Until you have achieved some balance and perspective, stay away from temptation. Try to stay away from all you can eat restaurants if you know that this will make it difficult not to binge eat. If ice cream is a binge trigger, don't keep it in your freezer. If you want to indulge yourself try going to a restaurant and ordering a single portion of, for example, ice cream, ideally as part of a balanced meal. By doing so, you accomplish three things; you avoid depriving yourself, you avoid the urges to binge created by deprivation, and you also learn how to integrate normal food into a reasonable and healthy meal plan.

• Distract yourself

When you do feel powerful urges to binge, postpone the act for thirty minutes.

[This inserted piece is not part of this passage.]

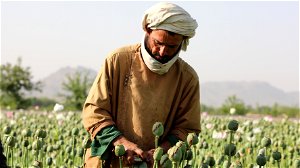Verbod op papaverteelt van taliban kan heroïneverslaafden in Europa tot gevaarlijke alternatieven drijven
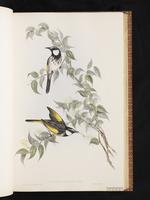 White-cheeked Honeyeater plate 25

During that time think about what is going on in your life. Consider what stresses you are facing, what might be missing from your life that you need in order to be happy and avoid the looming binge. Try making a list of things you could you do instead of binge eating to deal with your situation. If you are truly committed to recovery, at least some of the time you will choose one of these healthier behaviours instead of binge food.

• Take charge of your life.

Try to stop using words like, "I wish," "I want," "I hope," and "I can't." They are passive words which imply you are a victim of the disorder. Say instead things like, "I choose," and "I will". These words express responsibility, power, and control. In order to recover you need to recognise that taking control means nourishing yourself sensibly and rejecting disordered thoughts.

• Ask for help

Similarly to the advice given for recovering sufferers of anorexia, if you feel yourself slipping back into unhealthy habits, call your therapist. Returning to counselling in no way means you have failed, it means only that it's time to re-evaluate and fine-tune your recovery plan.